The knowledge level represents the specification
of the knowledge of archaeologists concerning the
industrial findings. This level provides the user with
a graphical interface represented by Web pages in
order to display the generated knowledge. The pages
are interrelated and can be navigated according to
their relevancy.
Besides these three levels, the system architecture
contains a component that facilitates the knowledge
generation, update and validation through a spatial
perspective. This component called the “spatial
facilitator” is in charge of the spatial data analyses
and provides thus the result in order to enrich and to
populate the ontology. The ontology population
process is the activity of adding new instances to an
ontology. The ontology enrichment is the activity of
extending an ontology by adding new elements (e.g.

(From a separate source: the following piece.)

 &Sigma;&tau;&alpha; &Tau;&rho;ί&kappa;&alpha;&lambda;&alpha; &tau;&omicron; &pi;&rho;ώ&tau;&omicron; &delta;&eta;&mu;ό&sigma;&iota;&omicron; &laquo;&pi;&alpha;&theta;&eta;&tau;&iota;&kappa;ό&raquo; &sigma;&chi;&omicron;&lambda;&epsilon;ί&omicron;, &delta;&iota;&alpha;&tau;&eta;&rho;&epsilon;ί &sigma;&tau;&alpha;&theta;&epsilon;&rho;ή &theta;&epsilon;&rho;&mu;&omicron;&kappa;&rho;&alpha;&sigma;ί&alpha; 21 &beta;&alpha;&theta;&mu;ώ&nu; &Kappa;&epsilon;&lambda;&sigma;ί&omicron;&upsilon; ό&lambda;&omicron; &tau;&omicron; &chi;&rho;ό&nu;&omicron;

concepts, relations, properties, axioms) (Castano,
2007). The details of the component are given in the
next section.
4 THE SPATIAL FACILITATOR
This section highlights our approach to the
management of the spatial operations in order to
enrich and to populate our ontology. The ontology
schema of the ArchaeoKM platform is responsible
for maintaining a relation between the enrichment of
the ontology, with the corresponding individuals
which are the objects excavated from the site, and
their semantic annotations on the data and
documents. The ontology schema is also responsible
for reflecting the archaeological interpretations of
the objects through proper relationships between
different entities of the objects.
4.1 The Ontology Schema
The core of the schema is the concept “siteFeature”
which stores all the excavated objects. The basic
process behind the “ArchaeoKM” is very
straightforward. Archaeologists are responsible for
the indexation of the findings on the orthophoto.
Those findings are then enriched in the domain
ontology through respective objects. The spatial
facilitator covers also the adjustments carried out
within the ontology schema in order to incorporate
the spatial components. The ontology schema
represents the terminological definition. It is defined
INTEGRATION OF SPATIAL TECHNOLOGIES AND SEMANTIC WEB TECHNOLOGIES FOR INDUSTRIAL
ARCHAEOLOGY
77
with the OWL-DL language which is a description
logic language (Baader, 2003). Actually, it
represents the definition of concepts and roles which
are properties and relations between concepts.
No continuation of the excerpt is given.